Only the lines from the one containing "Dragon Ball – Dragon Mystery" through the end of the listing are to be repeated, exactly and without pictures.

-----

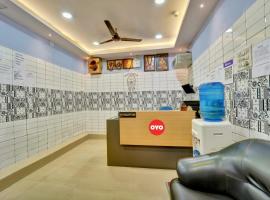 Hotel O Rai Guest House, hotel in Bhetia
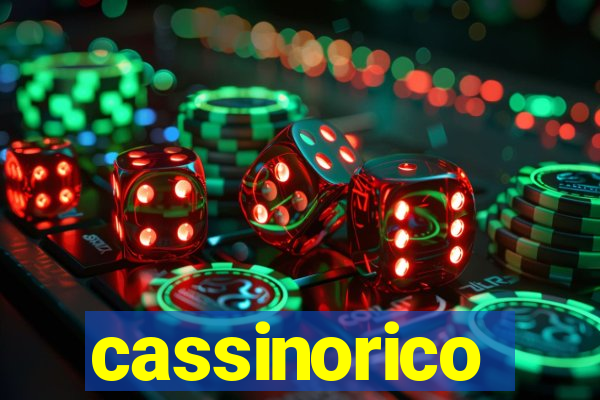 cassinorico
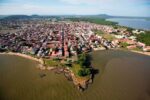 França suspende exigência de visto para brasileiros que visitam a Guiana Francesa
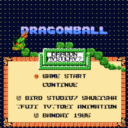 Dragon Ball – Dragon Mystery
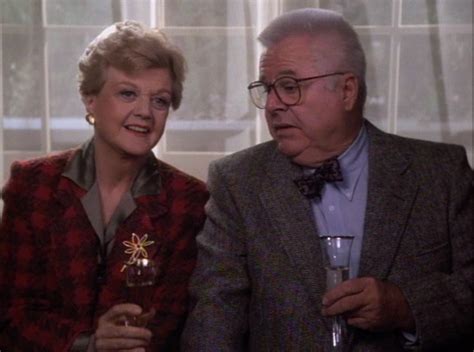 Christmas TV History: Murder, She Wrote (1992)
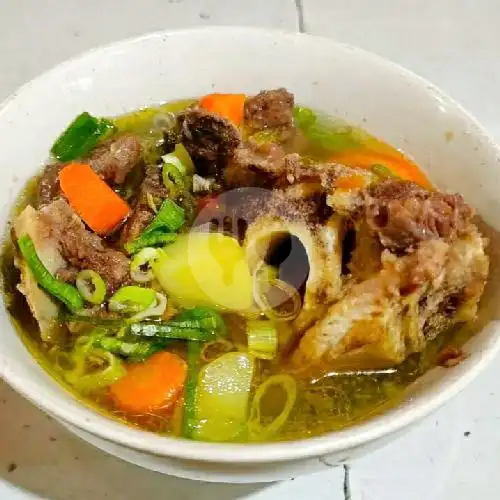 Gambar Makanan Pecel Madiun dan Aneka Soup Warung Bedjo, Jetis Kulon 9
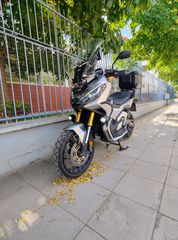 Honda X-ADV 2021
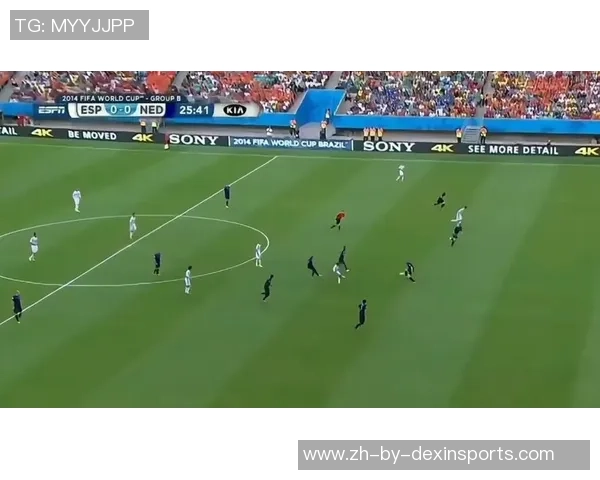 2014年世界杯决赛荷兰与西班牙的经典对决回顾与分析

-----

#### Answer to the problem:
 Dragon Ball – Dragon Mystery
 Christmas TV History: Murder, She Wrote (1992)
 Gambar Makanan Pecel Madiun dan Aneka Soup Warung Bedjo, Jetis Kulon 9
 Honda X-ADV 2021
 2014年世界杯决赛荷兰与西班牙的经典对决回顾与分析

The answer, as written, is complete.